= William London =

17th Century English bookseller and publisher

William London (fl. 1658) was an English bookseller and bibliographer of Newcastle upon Tyne. He is best known for his Catalogue of the most Vendible Books in England of 1657.

==Life==
Besides running a bookshop and selling other supplies, London published in partnership with London firms. One book of his was Charles Hoole, Phraseologia Anglo-Latina (1655), imprint "London, printed by E. Coles for William London, bookseller, Newcastle".

==Catalogue==
The full title of London's English bibliography was A Catalogue of the most vendible Books in England orderly and alphabetically digested … the like Work never yet performed by any.
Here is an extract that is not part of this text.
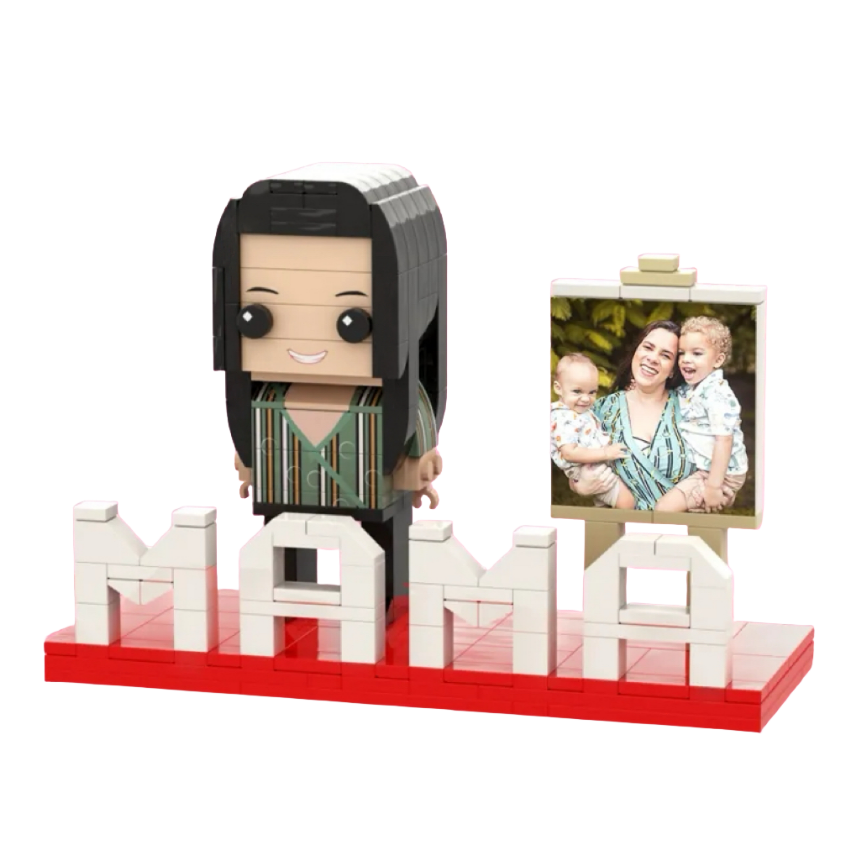 Full Body Custom MAMA 1 Person Brick Figure with Photo Mother's Day Gift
Varietas Delectat, London, 1658. London arranged his titles under headings: Divinity, History, Physic and Chirurgerie, Law, Romances, Poems, Plays, Hebrew, Greek, and Latin. A supplement of new books issued between August 1657 and June 1658 was appended. In 1660 he brought out A Catalogue of New Books by way of Supplement to the former, being such as have been printed from that time till Easter Term, 1660, London, 31 May 1660. There had been earlier book lists in England, but one way in which London innovated was by including titles at full length. He listed about 4,500 works.

In 1663 Francis Hawkins issued a new edition of his Youths Behaviour, with a glossary entry "Catalogue: a roule of names, or register, a cataloging of Books which Mr. London, bookseller of Newcastle, hath published."